==== DATA SEGMENT ====

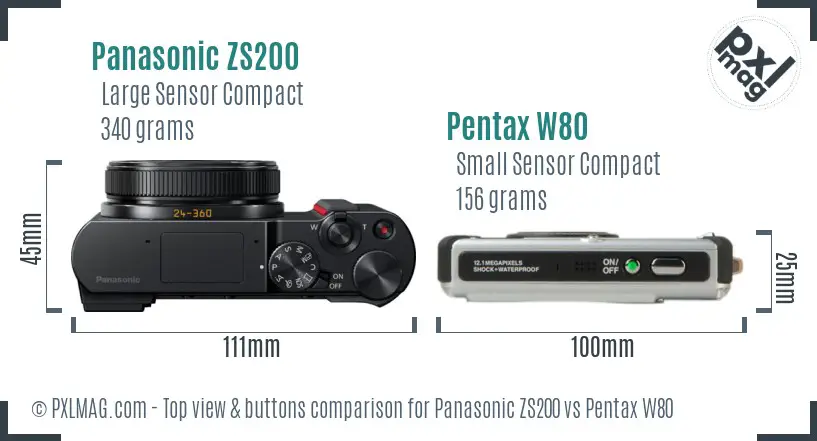 Panasonic ZS200 vs Pentax W80 top view buttons comparison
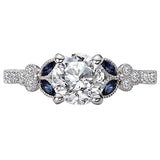 *** Lab Grown Diamond *** Sapphire and Diamond Semi-Mount Ring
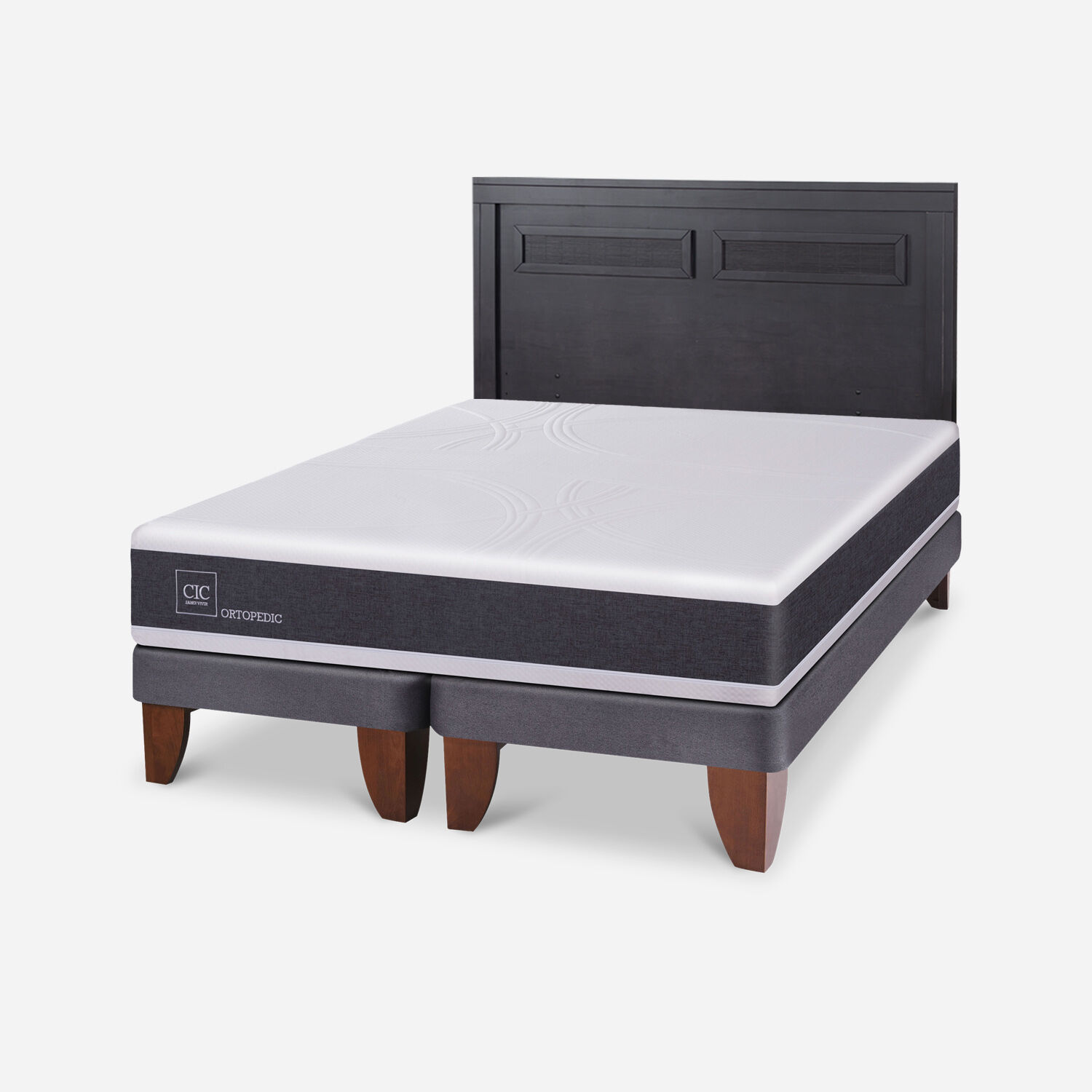 Cama Europea 2 Plazas Ortopedic Base Dividida + Respaldo Milán Negro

====

> _WHAT IS EXPECTED_
Transcribe the listing in full. Leave the pictures out.

> _OUTPUT_
 Panasonic ZS200 vs Pentax W80 top view buttons comparison
 *** Lab Grown Diamond *** Sapphire and Diamond Semi-Mount Ring
 Cama Europea 2 Plazas Ortopedic Base Dividida + Respaldo Milán Negro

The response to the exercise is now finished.